Our hair is the unspoken backbone that unites us across the centuries and holds the remnants of our past and the ancestors who left with us secrets of braiding and beauty. It bears the painful memories of the trans-Atlantic slave trade and the women who braided rice into their cornrows to provide and ensure sustenance as they were transported from West Africa. Through our hair and its many rituals, remain the herbalism of our foremothers in the new world, passing down their ingenuity of homemade balms, creams, and oils for hair growth. And, while the societies we now call home may try to limit our personhood, we continue as Black women, to reject who they say we can be and claim space for ourselves. Because our ‘Black girl magic’ isn’t limited to our hair’s origins, length, curl pattern, style or caused perception; its magic is in its willingness to be beautifully untamed.
My hair presents me with a communal love and reservoir of self-confidence fostered by the Black women around me who share their own experiences.
So, while my Black girl hair story might be free of cutesy hairstyles in my youth, or absent of that “one perm" that left me rebuilding my edges, it still has its place amongst all our unique stories, across the diaspora, recounting our own journeys of self.
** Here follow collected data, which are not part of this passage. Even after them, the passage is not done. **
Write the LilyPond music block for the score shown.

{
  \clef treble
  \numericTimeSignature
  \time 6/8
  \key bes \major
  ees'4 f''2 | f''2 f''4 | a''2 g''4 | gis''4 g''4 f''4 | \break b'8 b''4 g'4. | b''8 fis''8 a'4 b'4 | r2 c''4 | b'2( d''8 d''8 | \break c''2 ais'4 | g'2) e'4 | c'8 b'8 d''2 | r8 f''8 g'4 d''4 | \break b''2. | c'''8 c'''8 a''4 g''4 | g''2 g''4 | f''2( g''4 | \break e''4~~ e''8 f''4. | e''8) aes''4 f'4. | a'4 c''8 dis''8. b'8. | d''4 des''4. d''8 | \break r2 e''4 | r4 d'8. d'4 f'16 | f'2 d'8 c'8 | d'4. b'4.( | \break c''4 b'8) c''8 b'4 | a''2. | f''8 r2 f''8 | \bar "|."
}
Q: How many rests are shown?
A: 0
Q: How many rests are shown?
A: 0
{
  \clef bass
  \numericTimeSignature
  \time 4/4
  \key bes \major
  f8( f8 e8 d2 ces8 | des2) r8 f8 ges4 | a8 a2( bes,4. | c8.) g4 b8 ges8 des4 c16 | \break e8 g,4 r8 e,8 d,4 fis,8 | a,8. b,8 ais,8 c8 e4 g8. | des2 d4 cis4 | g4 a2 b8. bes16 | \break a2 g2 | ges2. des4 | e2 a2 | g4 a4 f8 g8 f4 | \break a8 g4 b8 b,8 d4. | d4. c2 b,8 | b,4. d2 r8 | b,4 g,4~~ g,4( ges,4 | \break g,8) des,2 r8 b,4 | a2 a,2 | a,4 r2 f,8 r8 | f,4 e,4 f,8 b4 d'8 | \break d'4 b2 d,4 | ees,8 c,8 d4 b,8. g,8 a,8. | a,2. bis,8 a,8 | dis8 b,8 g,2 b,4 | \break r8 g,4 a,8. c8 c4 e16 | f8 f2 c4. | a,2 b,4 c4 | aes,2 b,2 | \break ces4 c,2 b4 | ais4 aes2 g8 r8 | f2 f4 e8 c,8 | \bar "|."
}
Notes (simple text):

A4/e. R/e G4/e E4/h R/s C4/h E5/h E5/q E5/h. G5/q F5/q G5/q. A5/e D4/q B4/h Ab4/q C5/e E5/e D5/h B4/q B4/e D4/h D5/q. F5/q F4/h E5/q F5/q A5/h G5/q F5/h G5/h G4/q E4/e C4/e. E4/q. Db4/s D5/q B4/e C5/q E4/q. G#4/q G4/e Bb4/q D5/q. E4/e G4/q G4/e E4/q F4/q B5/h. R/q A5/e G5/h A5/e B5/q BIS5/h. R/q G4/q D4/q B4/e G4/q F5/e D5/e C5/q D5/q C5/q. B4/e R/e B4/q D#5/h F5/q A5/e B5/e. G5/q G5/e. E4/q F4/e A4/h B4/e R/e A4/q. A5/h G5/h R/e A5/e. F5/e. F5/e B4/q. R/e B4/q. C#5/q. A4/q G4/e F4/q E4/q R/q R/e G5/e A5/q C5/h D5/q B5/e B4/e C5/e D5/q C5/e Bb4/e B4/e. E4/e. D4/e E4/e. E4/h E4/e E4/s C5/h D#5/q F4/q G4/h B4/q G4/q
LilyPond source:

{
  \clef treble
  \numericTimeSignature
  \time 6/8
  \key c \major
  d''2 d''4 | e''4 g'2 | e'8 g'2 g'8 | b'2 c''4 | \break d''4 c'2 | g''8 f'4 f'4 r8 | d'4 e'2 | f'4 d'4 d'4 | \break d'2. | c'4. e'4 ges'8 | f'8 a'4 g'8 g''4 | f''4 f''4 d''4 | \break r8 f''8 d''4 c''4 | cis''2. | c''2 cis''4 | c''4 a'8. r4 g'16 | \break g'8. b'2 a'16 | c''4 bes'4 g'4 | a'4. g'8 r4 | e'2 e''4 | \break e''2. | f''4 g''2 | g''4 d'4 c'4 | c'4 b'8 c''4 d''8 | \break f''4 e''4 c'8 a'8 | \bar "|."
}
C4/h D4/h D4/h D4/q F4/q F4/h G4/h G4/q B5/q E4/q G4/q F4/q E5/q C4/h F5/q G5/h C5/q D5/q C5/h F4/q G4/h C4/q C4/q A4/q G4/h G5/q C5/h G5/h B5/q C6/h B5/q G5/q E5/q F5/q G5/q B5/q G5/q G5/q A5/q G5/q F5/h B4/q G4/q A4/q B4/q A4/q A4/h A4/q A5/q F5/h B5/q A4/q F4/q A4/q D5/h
Whether your hair story is graceful and regal like the smooth head of congresswoman Ayanna Pressley, pressed and joyous like the silk presses of US Vice President Kamala Harris, changes forms like the buss downs of our favorite rapping girls JT and Careesha, or flows ethereal and soulful like the styles worn by Solange Knowles and Erykah Badu, our hair stories are pieces and colors of a tapestry bigger than ourselves.
Now, in my two days of holy rest — in the moments of detangling, treatment, and styling — my hair continues to fill me with love, and as I love on it, in return, it loves on me. My curls continue to grow bigger and brighter, not only by my hand but with the help of this sisterhood. It remains nourished by the words of an older Black woman who in passing comments on my hair’s natural volume and thickness, and it sways just a little more when a woman behind me asks where I got my braids done. My hair presents me with a communal love and reservoir of self-confidence fostered by the Black women around me who share their own experiences. And I’m able to return the gift to another little Black girl by offering her a moment's joy by complimenting her on her hair.
Hair showed me my identity as a trans woman and remains a pathway to identity for women of all experiences. It continues to offer us lessons in self-love and remains a means to radically take up space. Yet beyond all of the sentiments and teachings learned, my hair and its care offer me a soft place to simply be and a quiet spot away from the world to land and exist in the totality of Black womanhood.